Os cristãos no Líbano, que representam a maior minoria por percentual no mundo árabe, temem a respeito de seu próprio futuro, em um país onde despontaram como os maiores perdedores de uma guerra civil de 15 anos.

Neste mês, o patriarca católico maronita do Líbano pediu aos maronitas, a maior comunidade cristã no país, para darem a Assad outra chance e lhe dar tempo suficiente para implantar uma longa lista de reformas que ele prometeu, mas nunca implantou.

Os comentários do patriarca, Bishara Boutros al Rai, provocaram um debate acalorado no Líbano, que viveu sob domínio sírio por 29 anos. Uma proeminente figura da oposição síria (e cristão) rebateu em Damasco. Mas Rai, que descreveu Assad como “um pobre homem que não consegue realizar milagres”, defendeu seus comentários, alertando que a queda do governo na Síria ameaça os cristãos por todo o Oriente Médio.

“Nós suportamos o governo do regime sírio. Eu não esqueci isso”, disse Rai. “Nós não estamos ao lado do regime, mas tememos a transição que pode se seguir. Nós temos que defender a comunidade cristã. Nós, também, temos que resistir.”

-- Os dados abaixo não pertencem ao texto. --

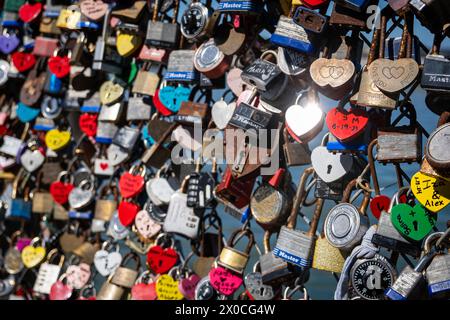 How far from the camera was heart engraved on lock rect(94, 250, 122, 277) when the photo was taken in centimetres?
371

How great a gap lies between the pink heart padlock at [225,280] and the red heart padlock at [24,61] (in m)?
1.90

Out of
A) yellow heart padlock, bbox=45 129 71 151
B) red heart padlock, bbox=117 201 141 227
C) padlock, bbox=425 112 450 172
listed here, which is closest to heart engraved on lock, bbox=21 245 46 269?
yellow heart padlock, bbox=45 129 71 151

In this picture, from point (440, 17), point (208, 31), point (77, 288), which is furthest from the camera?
point (77, 288)

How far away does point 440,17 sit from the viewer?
241 cm

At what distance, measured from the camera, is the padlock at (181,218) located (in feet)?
10.6

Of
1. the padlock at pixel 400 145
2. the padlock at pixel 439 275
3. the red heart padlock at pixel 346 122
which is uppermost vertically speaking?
the padlock at pixel 400 145

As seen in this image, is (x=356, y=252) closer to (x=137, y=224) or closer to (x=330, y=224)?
(x=330, y=224)

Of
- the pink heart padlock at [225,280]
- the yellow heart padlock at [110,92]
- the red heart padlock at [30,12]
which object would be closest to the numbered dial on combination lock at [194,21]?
the yellow heart padlock at [110,92]

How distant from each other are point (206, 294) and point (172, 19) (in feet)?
3.89

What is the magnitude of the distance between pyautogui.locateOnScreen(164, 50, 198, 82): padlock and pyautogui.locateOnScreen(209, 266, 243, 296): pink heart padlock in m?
0.79

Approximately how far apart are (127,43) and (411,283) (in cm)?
181

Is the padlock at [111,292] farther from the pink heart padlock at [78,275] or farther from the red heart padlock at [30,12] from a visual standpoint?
the red heart padlock at [30,12]

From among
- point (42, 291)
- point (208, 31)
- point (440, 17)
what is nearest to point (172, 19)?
point (208, 31)

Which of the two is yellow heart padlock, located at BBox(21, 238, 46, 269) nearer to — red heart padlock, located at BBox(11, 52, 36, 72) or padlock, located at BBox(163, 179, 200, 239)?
red heart padlock, located at BBox(11, 52, 36, 72) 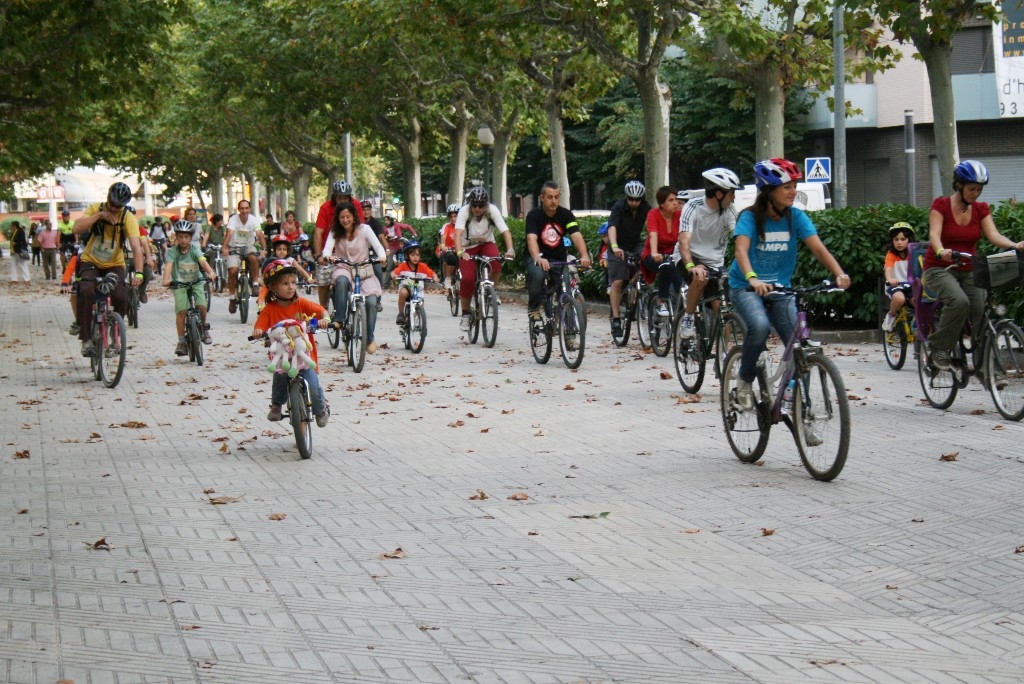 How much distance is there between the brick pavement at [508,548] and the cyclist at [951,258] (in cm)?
60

É um vislumbre notável do poder e persuasão do medo o fato do status quo na Síria permanecer preferível para muitos. A Organização das Nações Unidas estima que mais de 2.600 pessoas morreram desde o início do levante, em meados de março em Dara, uma cidade pobre no sul, e, dado o desespero de alguns, até mesmo os ativistas alertam que os manifestantes podem ter que recorrer às armas. As estimativas de prisões chegam a dezenas de milhares.

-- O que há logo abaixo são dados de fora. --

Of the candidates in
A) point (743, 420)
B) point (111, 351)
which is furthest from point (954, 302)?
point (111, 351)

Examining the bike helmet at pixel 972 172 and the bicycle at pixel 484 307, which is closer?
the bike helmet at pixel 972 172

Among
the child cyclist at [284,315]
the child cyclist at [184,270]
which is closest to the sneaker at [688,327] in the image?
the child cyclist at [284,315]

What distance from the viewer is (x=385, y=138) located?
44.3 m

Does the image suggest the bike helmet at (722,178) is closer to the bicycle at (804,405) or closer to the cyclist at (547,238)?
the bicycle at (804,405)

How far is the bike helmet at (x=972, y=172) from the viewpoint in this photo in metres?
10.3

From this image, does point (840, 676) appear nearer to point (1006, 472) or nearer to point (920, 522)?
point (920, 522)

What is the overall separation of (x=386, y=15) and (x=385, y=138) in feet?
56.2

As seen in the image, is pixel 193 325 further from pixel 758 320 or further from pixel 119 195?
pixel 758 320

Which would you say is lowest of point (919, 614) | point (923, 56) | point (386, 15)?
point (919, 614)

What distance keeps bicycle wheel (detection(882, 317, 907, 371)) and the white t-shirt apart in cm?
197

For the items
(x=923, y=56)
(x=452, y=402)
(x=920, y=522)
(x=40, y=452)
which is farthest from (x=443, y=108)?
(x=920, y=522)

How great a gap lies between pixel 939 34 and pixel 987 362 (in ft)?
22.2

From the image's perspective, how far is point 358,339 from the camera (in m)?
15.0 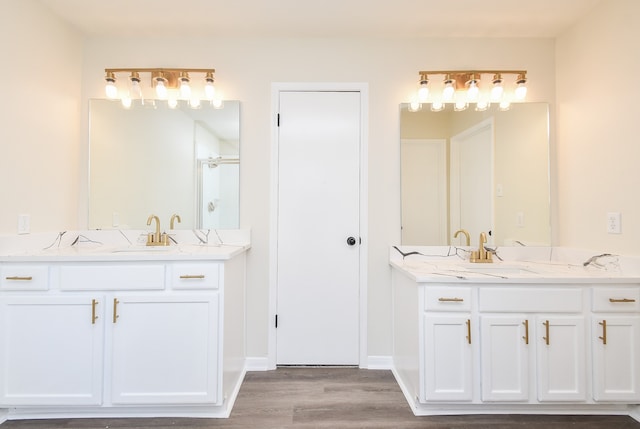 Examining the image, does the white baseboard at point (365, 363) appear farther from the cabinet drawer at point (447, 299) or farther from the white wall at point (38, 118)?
the white wall at point (38, 118)

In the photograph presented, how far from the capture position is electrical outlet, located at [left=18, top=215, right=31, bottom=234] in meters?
1.86

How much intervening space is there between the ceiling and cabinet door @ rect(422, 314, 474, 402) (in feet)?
6.35

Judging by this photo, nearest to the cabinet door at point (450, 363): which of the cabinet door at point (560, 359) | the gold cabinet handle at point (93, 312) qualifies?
the cabinet door at point (560, 359)

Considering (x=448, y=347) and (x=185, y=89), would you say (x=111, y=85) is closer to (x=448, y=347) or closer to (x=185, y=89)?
(x=185, y=89)

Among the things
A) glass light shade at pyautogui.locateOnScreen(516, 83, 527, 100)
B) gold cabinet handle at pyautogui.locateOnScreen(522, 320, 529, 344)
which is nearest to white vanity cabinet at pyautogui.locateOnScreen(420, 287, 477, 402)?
gold cabinet handle at pyautogui.locateOnScreen(522, 320, 529, 344)

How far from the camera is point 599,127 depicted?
2.00 metres

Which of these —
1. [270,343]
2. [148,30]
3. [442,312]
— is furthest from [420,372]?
[148,30]

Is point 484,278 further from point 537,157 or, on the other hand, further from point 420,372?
point 537,157

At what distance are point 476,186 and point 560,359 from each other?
3.85ft

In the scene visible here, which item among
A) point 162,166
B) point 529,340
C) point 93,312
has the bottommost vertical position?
point 529,340

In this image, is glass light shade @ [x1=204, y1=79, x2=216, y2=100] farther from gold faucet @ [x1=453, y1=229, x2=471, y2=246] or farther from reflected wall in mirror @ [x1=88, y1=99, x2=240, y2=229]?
gold faucet @ [x1=453, y1=229, x2=471, y2=246]

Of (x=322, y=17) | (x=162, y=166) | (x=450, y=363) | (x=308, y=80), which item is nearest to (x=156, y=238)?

Alguns cristãos se juntaram aos levantes, e intelectuais cristãos como Michel Kilo e Fayez Sara integram as fileiras da oposição.
A fórmula frequentemente oferecida da divisão síria –minorias religiosas do lado de Assad, a maioria muçulmana sunita alinhada contra ele– nunca captura os nuances de uma luta que pode definir a Síria por gerações. Até mesmo alguns alauitas, a seita muçulmana de onde Assad tira grande parte de sua liderança, se juntaram aos protestos. Quando alguns poucos foram à cidade de Hama, na região central da Síria, para se juntar às imensas manifestações no verão, eles foram recebidos pelos muçulmanos sunitas com canções e poesia.

Mas apesar da promessa das revoltas árabes ser uma nova ordem, livre de repressão e desigualdade, persistem as preocupações de que os islamitas, a força mais organizada na região, ganhem maior influência e que as sociedades se tornem mais conservadoras e, talvez, intolerantes.

“O medo está se espalhando entre nós e entre qualquer um que seja diferente”, disse Abu Elias, ao saudar os fiéis que subiam as centenas de degraus de pedra desgastados ao longo dos séculos. “Hoje nós estamos aqui. Amanhã, quem sabe onde estaremos?”